== TASK TO COMPLETE ==
Both the line containing "Attendant Bed with 2 Storage Box C-1903" and the line containing "Automatic household greenhouse" belong to the span. Output exactly that span from the listing below, and nothing outside it.
◆ ◆ ◆ ◆
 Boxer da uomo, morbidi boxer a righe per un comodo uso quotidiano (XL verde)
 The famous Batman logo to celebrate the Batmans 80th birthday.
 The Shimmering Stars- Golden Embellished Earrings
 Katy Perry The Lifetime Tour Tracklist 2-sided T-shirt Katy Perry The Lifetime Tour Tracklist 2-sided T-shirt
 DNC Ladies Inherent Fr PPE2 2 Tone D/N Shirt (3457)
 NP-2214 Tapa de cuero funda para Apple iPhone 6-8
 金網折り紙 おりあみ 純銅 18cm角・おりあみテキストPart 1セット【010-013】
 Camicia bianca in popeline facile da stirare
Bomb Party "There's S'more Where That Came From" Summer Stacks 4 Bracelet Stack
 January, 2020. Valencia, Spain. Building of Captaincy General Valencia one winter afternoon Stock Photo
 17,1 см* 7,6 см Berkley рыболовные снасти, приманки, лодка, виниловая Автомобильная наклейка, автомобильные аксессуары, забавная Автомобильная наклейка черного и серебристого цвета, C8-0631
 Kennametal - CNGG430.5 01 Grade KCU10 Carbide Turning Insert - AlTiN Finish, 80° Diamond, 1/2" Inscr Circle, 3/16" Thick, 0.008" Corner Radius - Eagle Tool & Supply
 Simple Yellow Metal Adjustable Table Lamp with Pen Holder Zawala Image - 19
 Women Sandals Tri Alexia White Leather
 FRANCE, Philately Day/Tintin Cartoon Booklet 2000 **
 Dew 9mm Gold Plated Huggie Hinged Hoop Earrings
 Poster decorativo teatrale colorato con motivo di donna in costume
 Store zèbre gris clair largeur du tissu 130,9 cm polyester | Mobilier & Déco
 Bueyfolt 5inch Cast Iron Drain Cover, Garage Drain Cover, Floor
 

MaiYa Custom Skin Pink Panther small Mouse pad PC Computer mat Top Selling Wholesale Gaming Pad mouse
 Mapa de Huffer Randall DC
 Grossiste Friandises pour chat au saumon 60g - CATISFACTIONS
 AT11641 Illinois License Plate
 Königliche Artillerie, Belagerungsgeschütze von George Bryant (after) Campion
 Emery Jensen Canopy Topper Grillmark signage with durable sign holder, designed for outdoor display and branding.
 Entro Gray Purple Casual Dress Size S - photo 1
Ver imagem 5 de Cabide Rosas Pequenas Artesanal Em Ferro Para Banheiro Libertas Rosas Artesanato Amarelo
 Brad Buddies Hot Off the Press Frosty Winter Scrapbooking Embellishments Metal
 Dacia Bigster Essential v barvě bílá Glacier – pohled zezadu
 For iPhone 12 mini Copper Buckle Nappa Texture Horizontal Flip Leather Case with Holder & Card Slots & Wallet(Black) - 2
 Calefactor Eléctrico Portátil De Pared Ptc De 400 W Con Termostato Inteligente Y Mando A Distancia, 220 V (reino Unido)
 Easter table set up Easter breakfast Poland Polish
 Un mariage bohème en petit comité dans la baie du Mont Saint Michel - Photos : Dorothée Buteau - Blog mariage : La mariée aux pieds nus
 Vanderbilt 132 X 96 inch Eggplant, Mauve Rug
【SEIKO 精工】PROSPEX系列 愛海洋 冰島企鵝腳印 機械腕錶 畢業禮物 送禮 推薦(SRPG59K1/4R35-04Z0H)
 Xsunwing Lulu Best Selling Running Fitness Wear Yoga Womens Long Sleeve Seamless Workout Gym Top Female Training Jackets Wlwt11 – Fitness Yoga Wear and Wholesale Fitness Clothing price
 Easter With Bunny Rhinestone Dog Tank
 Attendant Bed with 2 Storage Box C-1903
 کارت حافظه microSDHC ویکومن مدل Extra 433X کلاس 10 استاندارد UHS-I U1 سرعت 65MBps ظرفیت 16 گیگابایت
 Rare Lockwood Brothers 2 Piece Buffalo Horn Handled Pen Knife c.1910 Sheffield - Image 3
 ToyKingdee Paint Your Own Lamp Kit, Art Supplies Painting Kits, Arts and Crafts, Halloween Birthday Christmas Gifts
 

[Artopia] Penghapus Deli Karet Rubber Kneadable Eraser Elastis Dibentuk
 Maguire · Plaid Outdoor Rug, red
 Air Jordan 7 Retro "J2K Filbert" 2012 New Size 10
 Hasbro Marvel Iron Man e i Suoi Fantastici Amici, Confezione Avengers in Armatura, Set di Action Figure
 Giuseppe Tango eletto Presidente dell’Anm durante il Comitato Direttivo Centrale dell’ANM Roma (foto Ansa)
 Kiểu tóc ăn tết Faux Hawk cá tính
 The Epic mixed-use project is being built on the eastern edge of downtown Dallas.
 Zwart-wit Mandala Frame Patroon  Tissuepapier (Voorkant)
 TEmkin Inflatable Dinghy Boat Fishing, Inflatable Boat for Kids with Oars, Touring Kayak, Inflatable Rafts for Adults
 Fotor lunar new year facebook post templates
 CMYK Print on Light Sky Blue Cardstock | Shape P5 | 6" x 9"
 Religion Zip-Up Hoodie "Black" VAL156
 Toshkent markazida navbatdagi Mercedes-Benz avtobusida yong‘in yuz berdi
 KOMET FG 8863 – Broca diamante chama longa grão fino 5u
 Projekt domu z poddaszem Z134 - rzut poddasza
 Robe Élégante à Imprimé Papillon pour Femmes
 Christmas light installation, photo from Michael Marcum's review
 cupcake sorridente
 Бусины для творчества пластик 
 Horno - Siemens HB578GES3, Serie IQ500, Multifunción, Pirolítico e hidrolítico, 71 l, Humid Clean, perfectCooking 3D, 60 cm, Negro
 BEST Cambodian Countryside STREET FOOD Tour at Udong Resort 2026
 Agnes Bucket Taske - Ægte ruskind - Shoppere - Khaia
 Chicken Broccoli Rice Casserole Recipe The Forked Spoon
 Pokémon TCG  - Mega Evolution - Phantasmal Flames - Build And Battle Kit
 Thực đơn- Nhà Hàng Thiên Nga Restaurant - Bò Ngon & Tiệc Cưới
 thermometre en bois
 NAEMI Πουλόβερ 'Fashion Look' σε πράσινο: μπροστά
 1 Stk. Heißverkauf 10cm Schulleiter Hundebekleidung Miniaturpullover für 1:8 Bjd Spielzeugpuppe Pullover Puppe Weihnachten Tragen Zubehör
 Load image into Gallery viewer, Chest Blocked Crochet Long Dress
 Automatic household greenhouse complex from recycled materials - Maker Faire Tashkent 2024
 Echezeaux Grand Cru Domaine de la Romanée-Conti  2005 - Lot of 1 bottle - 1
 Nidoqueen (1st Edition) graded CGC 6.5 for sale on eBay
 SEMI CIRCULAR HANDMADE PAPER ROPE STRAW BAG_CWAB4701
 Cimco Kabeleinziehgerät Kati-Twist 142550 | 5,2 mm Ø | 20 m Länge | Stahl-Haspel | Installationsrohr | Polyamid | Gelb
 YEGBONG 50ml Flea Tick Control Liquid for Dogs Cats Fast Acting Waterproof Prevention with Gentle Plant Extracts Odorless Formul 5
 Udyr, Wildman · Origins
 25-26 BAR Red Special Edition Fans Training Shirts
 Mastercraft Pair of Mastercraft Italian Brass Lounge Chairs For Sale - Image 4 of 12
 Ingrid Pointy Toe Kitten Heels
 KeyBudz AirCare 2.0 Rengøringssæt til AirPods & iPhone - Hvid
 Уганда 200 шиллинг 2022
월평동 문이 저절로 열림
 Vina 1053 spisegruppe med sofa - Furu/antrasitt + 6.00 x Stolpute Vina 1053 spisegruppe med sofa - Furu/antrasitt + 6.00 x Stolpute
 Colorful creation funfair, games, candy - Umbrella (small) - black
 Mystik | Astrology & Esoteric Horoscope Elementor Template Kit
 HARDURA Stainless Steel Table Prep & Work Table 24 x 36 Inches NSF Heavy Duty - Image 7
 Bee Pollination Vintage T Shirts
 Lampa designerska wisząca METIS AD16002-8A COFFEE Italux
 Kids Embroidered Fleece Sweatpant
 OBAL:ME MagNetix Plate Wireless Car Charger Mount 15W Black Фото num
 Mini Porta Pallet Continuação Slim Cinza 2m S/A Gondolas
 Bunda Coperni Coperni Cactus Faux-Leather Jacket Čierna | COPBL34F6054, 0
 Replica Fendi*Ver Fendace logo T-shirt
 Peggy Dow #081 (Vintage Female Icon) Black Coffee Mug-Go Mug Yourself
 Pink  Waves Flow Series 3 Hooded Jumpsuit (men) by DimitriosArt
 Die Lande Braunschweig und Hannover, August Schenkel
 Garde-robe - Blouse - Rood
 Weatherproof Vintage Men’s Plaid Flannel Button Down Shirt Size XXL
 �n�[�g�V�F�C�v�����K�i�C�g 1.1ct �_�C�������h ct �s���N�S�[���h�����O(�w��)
◆ ◆ ◆ ◆
== ANSWER TO THIS PROBLEM ==
 Attendant Bed with 2 Storage Box C-1903
 کارت حافظه microSDHC ویکومن مدل Extra 433X کلاس 10 استاندارد UHS-I U1 سرعت 65MBps ظرفیت 16 گیگابایت
 Rare Lockwood Brothers 2 Piece Buffalo Horn Handled Pen Knife c.1910 Sheffield - Image 3
 ToyKingdee Paint Your Own Lamp Kit, Art Supplies Painting Kits, Arts and Crafts, Halloween Birthday Christmas Gifts
 

[Artopia] Penghapus Deli Karet Rubber Kneadable Eraser Elastis Dibentuk
 Maguire · Plaid Outdoor Rug, red
 Air Jordan 7 Retro "J2K Filbert" 2012 New Size 10
 Hasbro Marvel Iron Man e i Suoi Fantastici Amici, Confezione Avengers in Armatura, Set di Action Figure
 Giuseppe Tango eletto Presidente dell’Anm durante il Comitato Direttivo Centrale dell’ANM Roma (foto Ansa)
 Kiểu tóc ăn tết Faux Hawk cá tính
 The Epic mixed-use project is being built on the eastern edge of downtown Dallas.
 Zwart-wit Mandala Frame Patroon  Tissuepapier (Voorkant)
 TEmkin Inflatable Dinghy Boat Fishing, Inflatable Boat for Kids with Oars, Touring Kayak, Inflatable Rafts for Adults
 Fotor lunar new year facebook post templates
 CMYK Print on Light Sky Blue Cardstock | Shape P5 | 6" x 9"
 Religion Zip-Up Hoodie "Black" VAL156
 Toshkent markazida navbatdagi Mercedes-Benz avtobusida yong‘in yuz berdi
 KOMET FG 8863 – Broca diamante chama longa grão fino 5u
 Projekt domu z poddaszem Z134 - rzut poddasza
 Robe Élégante à Imprimé Papillon pour Femmes
 Christmas light installation, photo from Michael Marcum's review
 cupcake sorridente
 Бусины для творчества пластик 
 Horno - Siemens HB578GES3, Serie IQ500, Multifunción, Pirolítico e hidrolítico, 71 l, Humid Clean, perfectCooking 3D, 60 cm, Negro
 BEST Cambodian Countryside STREET FOOD Tour at Udong Resort 2026
 Agnes Bucket Taske - Ægte ruskind - Shoppere - Khaia
 Chicken Broccoli Rice Casserole Recipe The Forked Spoon
 Pokémon TCG  - Mega Evolution - Phantasmal Flames - Build And Battle Kit
 Thực đơn- Nhà Hàng Thiên Nga Restaurant - Bò Ngon & Tiệc Cưới
 thermometre en bois
 NAEMI Πουλόβερ 'Fashion Look' σε πράσινο: μπροστά
 1 Stk. Heißverkauf 10cm Schulleiter Hundebekleidung Miniaturpullover für 1:8 Bjd Spielzeugpuppe Pullover Puppe Weihnachten Tragen Zubehör
 Load image into Gallery viewer, Chest Blocked Crochet Long Dress
 Automatic household greenhouse complex from recycled materials - Maker Faire Tashkent 2024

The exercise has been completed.